WHAT TO DO: Each line in the entries that has the word "Chevrolet" has to be copied.

ENTRIES SUPPLIED:
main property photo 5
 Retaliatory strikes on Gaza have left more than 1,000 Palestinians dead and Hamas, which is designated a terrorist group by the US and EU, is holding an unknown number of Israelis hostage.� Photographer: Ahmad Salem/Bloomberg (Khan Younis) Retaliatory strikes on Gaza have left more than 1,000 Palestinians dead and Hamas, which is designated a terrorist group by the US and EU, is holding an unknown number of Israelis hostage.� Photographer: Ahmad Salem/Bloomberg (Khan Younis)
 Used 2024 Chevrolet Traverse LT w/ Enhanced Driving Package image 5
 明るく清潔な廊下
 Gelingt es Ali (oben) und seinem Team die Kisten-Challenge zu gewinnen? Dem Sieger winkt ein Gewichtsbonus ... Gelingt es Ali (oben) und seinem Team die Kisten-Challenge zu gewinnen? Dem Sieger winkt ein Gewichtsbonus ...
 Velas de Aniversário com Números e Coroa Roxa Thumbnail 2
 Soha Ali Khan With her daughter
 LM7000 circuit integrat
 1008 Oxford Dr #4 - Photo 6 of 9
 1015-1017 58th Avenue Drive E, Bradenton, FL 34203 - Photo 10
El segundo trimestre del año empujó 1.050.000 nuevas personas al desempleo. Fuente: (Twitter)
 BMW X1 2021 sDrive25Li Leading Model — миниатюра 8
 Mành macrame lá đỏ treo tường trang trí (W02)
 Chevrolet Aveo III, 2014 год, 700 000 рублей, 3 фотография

REPLY TO THE EXERCISE:
 Used 2024 Chevrolet Traverse LT w/ Enhanced Driving Package image 5
 Chevrolet Aveo III, 2014 год, 700 000 рублей, 3 фотография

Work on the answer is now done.